==== Information supplied ====

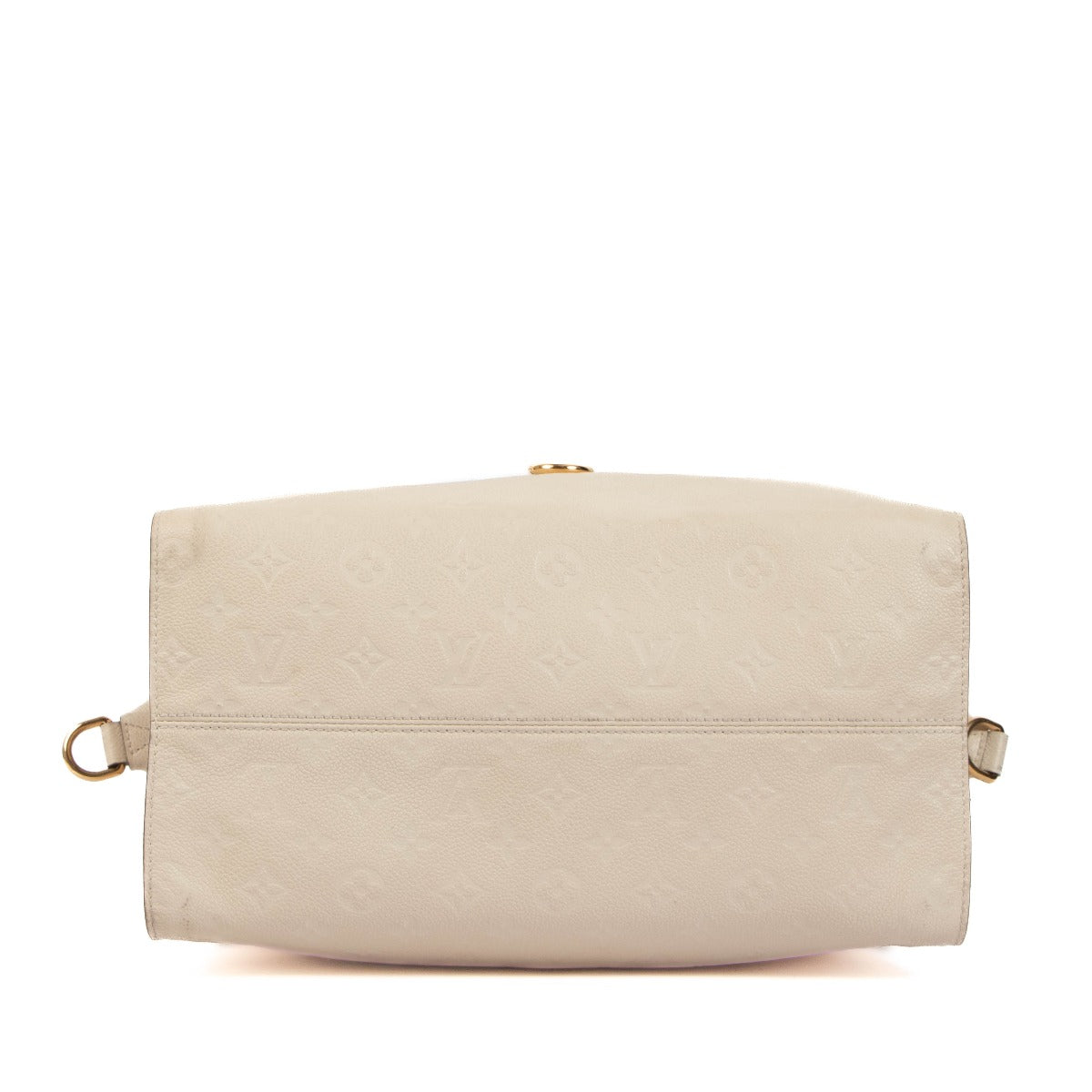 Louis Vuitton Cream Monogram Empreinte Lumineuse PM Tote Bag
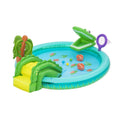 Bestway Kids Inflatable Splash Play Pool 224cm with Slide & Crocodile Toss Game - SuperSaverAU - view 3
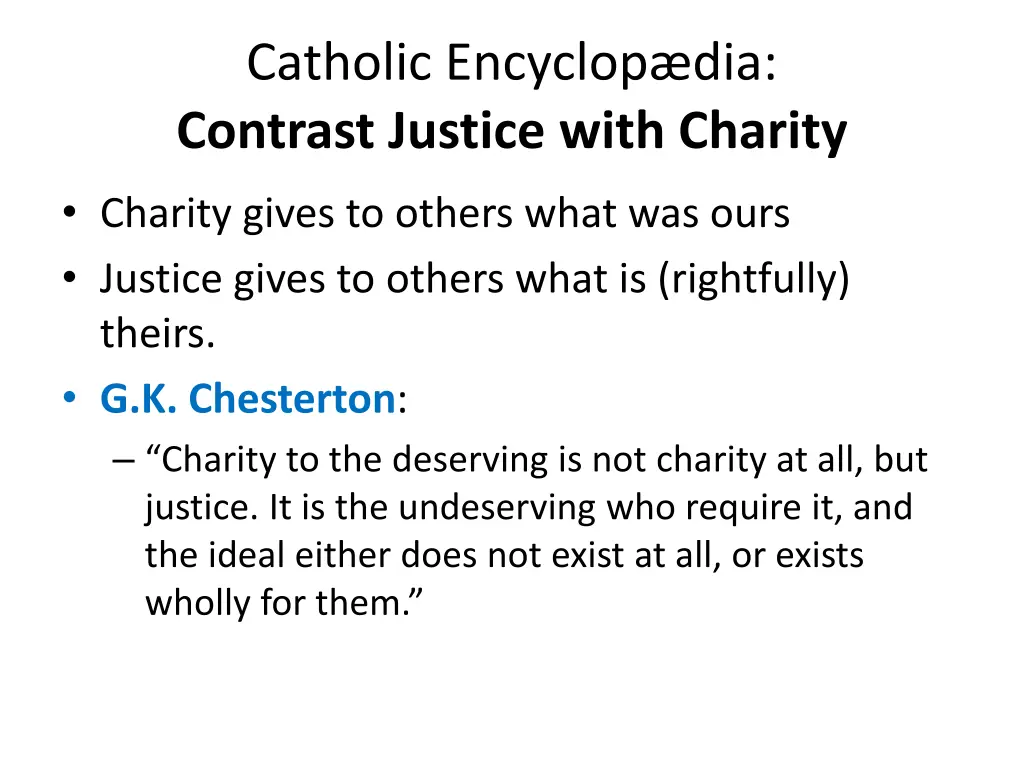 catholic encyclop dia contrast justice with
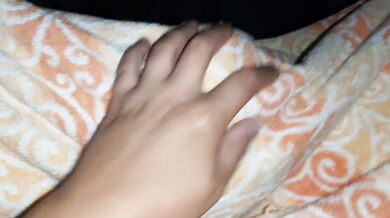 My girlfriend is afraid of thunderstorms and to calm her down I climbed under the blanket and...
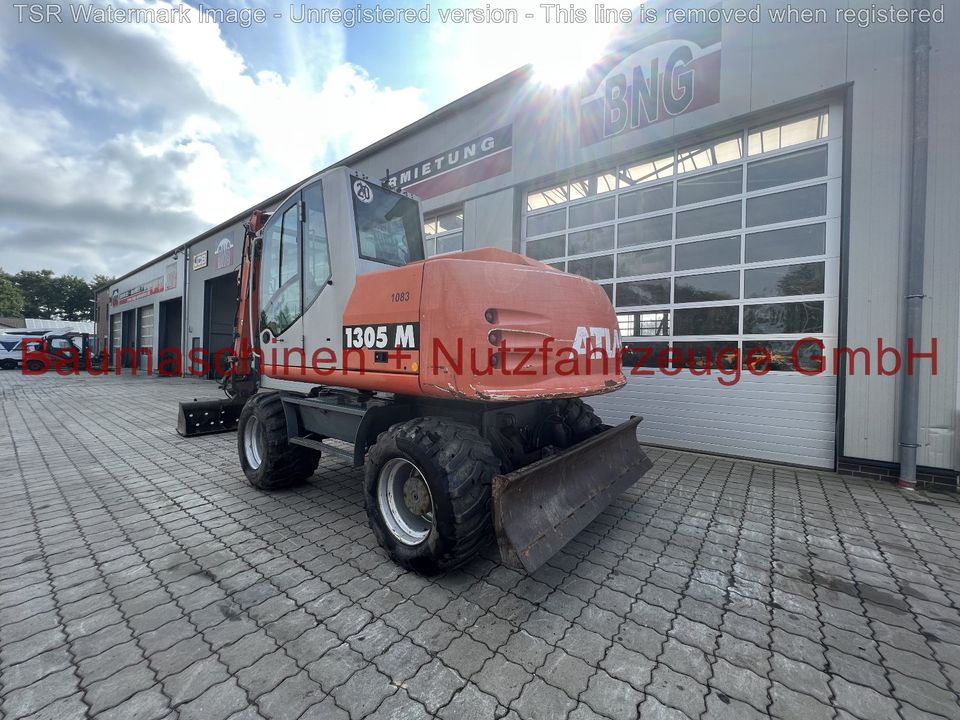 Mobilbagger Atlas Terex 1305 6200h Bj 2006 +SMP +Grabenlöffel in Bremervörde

====
==== Information supplied ====

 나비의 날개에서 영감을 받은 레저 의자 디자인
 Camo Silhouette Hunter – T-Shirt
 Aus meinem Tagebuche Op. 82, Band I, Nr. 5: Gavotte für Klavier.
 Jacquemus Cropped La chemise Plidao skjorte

====
==== Information supplied ====

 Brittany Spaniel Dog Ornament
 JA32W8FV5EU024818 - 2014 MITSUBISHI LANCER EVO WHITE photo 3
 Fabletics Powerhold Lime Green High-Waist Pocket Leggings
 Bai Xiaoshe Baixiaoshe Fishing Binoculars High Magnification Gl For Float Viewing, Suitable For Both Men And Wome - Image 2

====

▸ **Task details**: Transcribe, word for word, the lines of the listing above from the one that contains "My girlfriend is" through the one that contains "Mobilbagger Atlas Terex", keeping both ends and dropping the pictures.

▸ **Result below**:
 My girlfriend is afraid of thunderstorms and to calm her down I climbed under the blanket and...
 Mobilbagger Atlas Terex 1305 6200h Bj 2006 +SMP +Grabenlöffel in Bremervörde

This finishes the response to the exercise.